### [Problem]
Below this line are records; transcribe exactly the lines between the one holding "A hotel room" and the one holding "Close-up of distinct", inclusive, and omit the pictures.
Task data below:
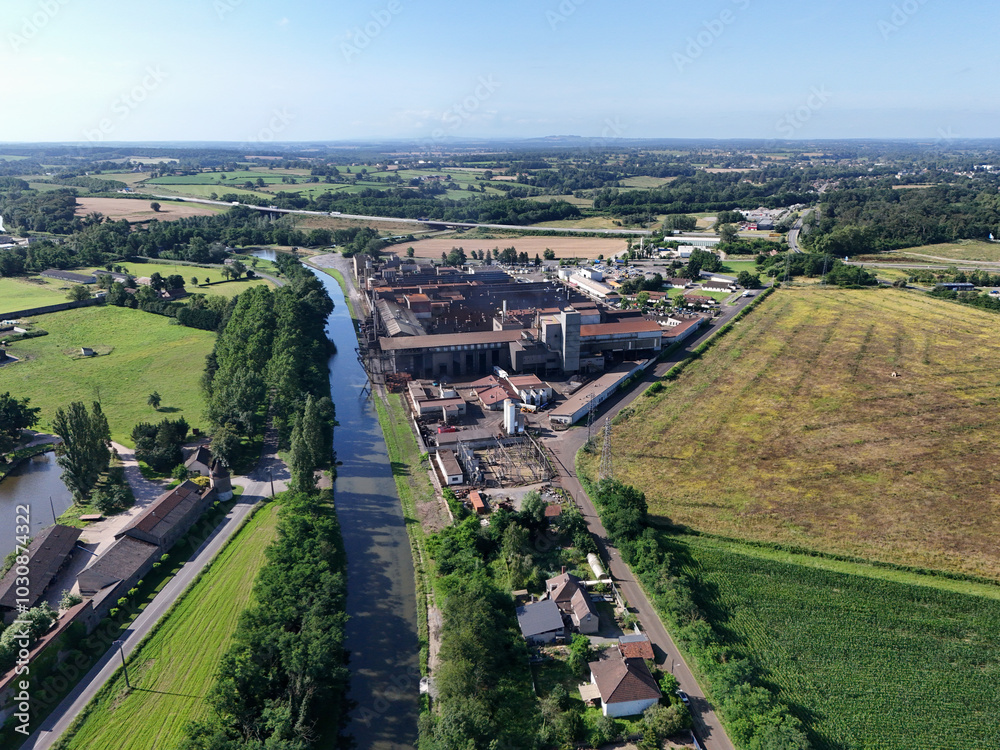 Fototapeta premium Canal de Bourgogne seen from the sky with fields, meadows, a house and a factory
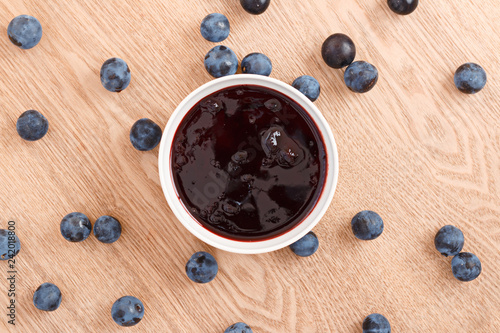 The composition of sweet organic sloe jam in a bowl with a wooden background. Top view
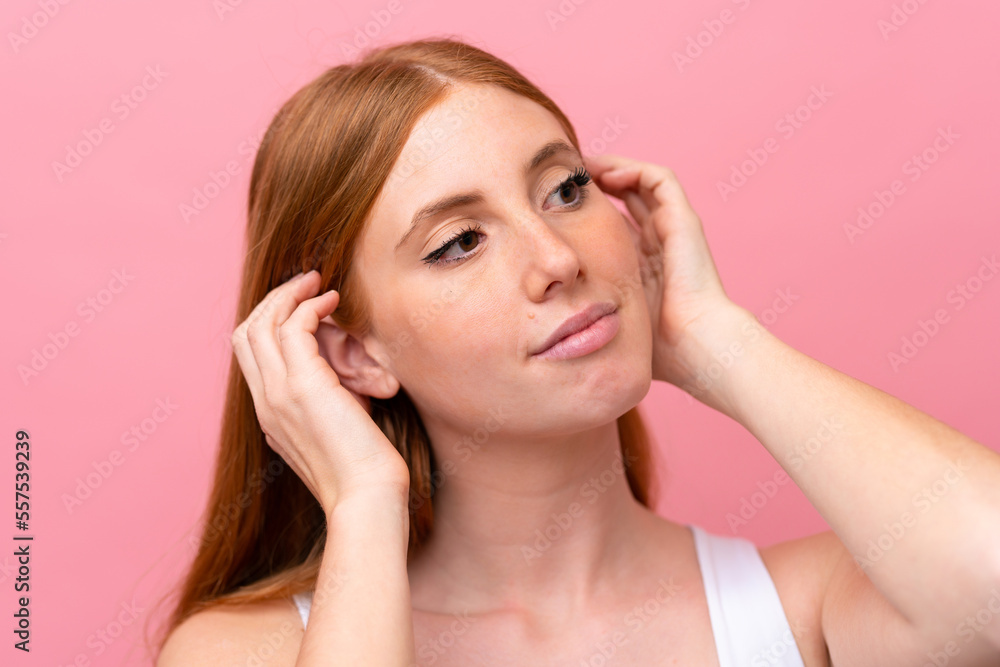 Young redhead woman isolated on pink background Young redhead woman isolated on pink background
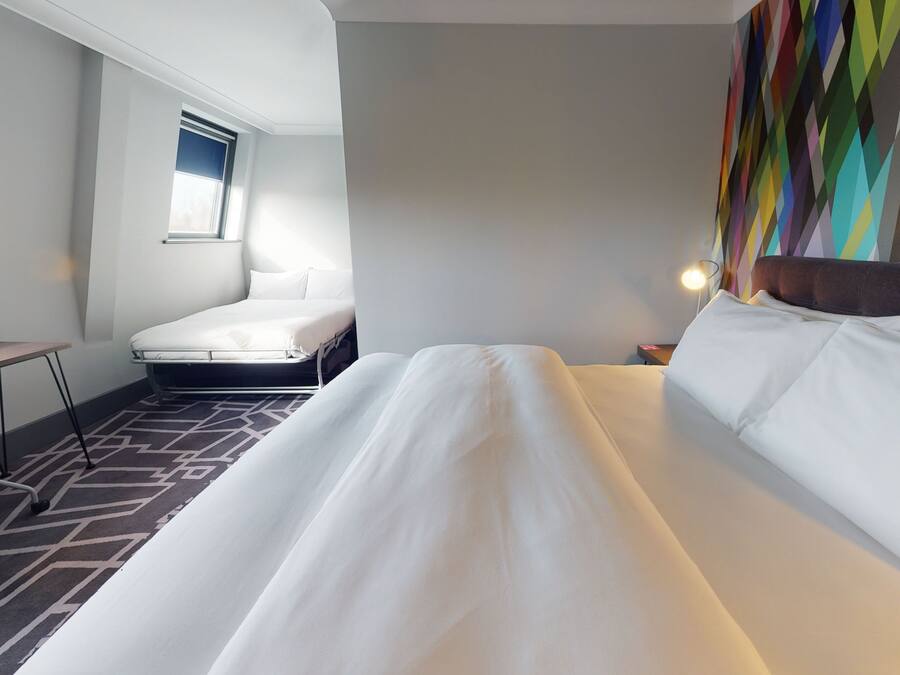A hotel room with a large bed, a desk, and a window.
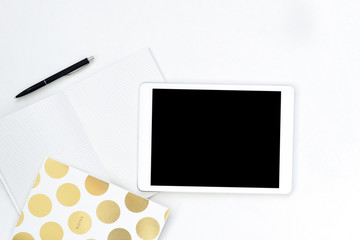 Flat lay photo of office white desk with tablet and gold notebook copy space background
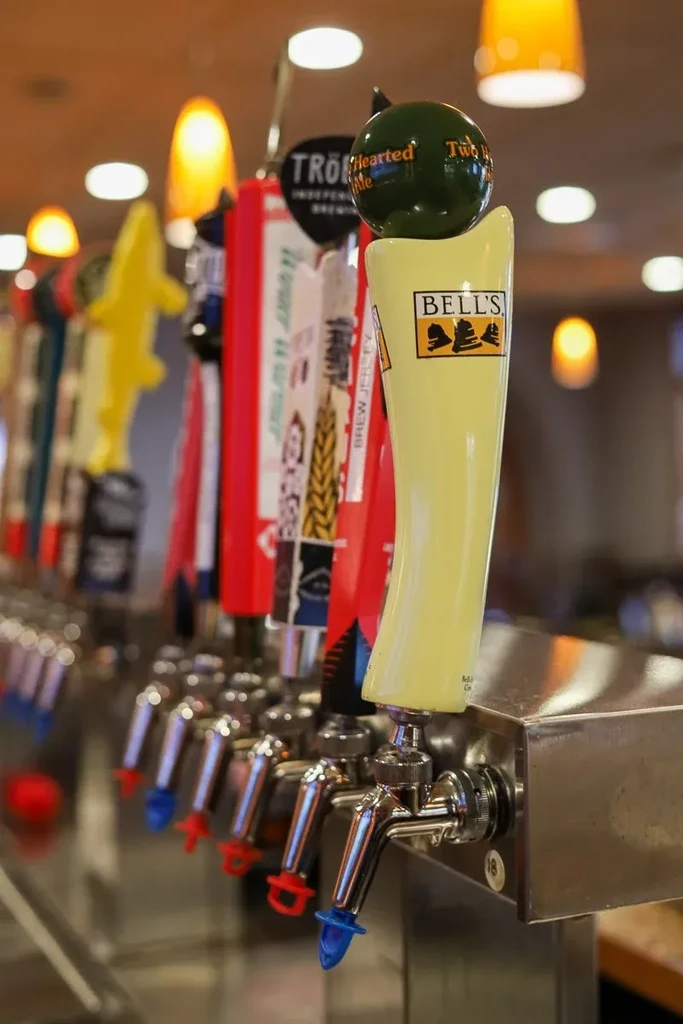 Close-up of distinct beer tap handles and colorful spigots at a bar.
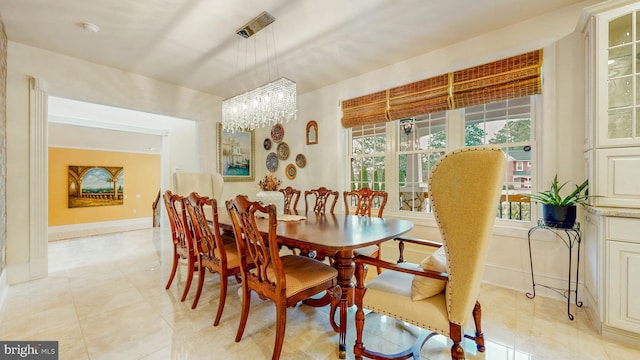 dining room with an inviting chandelier, light tile patterned flooring, and baseboards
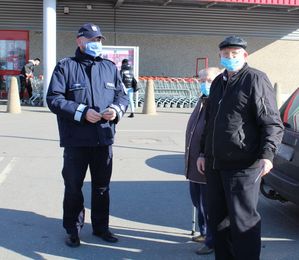 policjant przed sklepem rozdają elementy odblaskowe i zawieszki zapachowe przechodniom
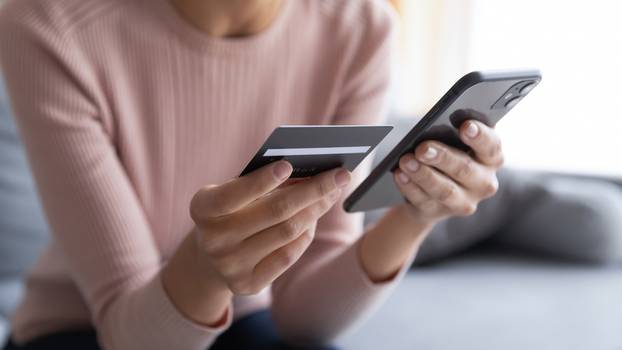 Close,Up,Female,Hands,Holding,Credit,Card,And,Smartphone,,Young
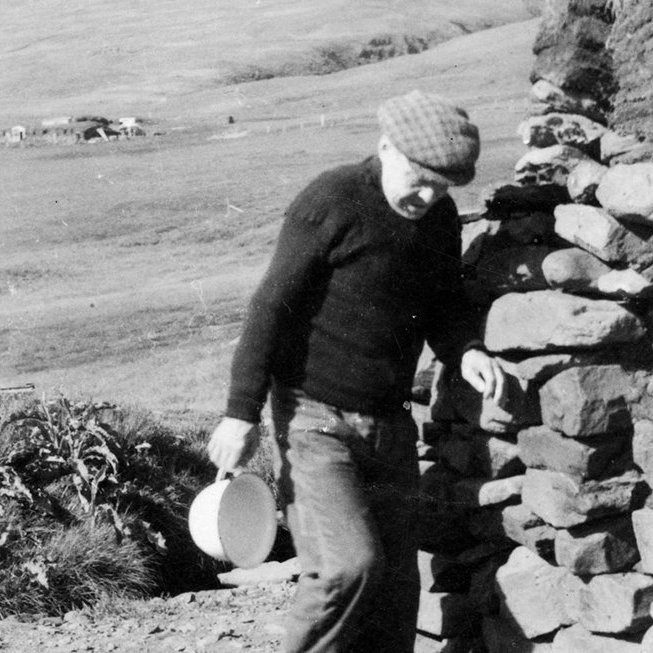 Þetta er Jóhannes Frímannsson (1880-1963) bóndi á Gilsá í Eyjafirði. Þarna er hann að tæma næturgagnið, koppinn sinn, væntanlega fyrir utan torfbæinn á Gilsá. - / m-stae1-15958 frá Minjasafninu á Akureyri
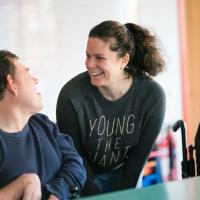Resident and carer laughing together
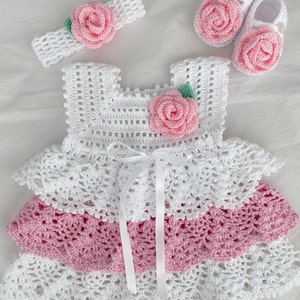 May include: A white crocheted baby dress with pink and white ruffles, a matching headband with a pink flower, and a pair of pink crocheted baby shoes with flowers.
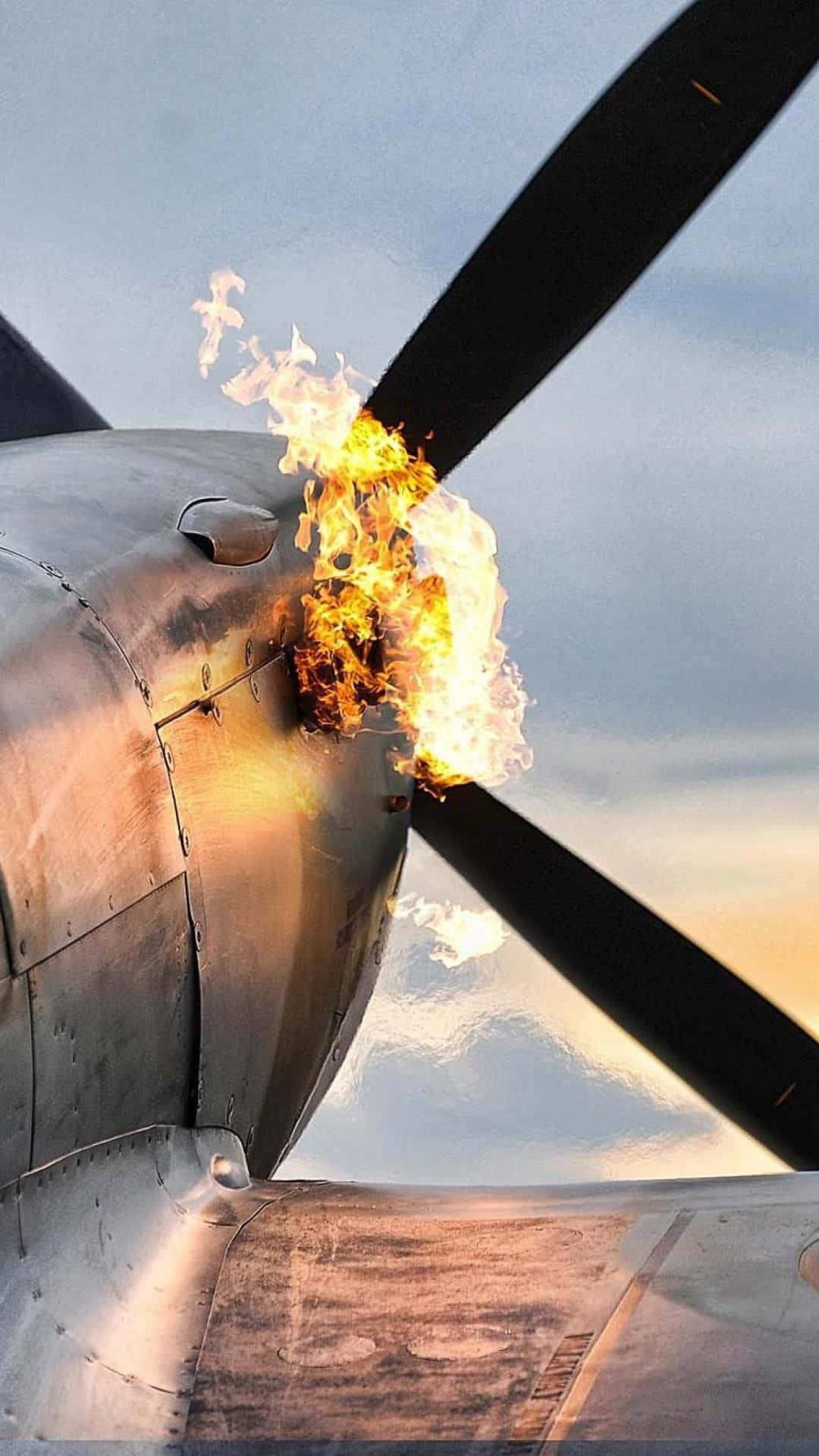 飛機穿過蓬鬆白雲的空中視角 壁紙 — 一架復古飛機的螺旋槳在柔和的暮色天空中爆發出明亮的火焰。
End of Task data.
### [Exercise answer]
A hotel room with a large bed, a desk, and a window.
 Flat lay photo of office white desk with tablet and gold notebook copy space background
 Close-up of distinct beer tap handles and colorful spigots at a bar.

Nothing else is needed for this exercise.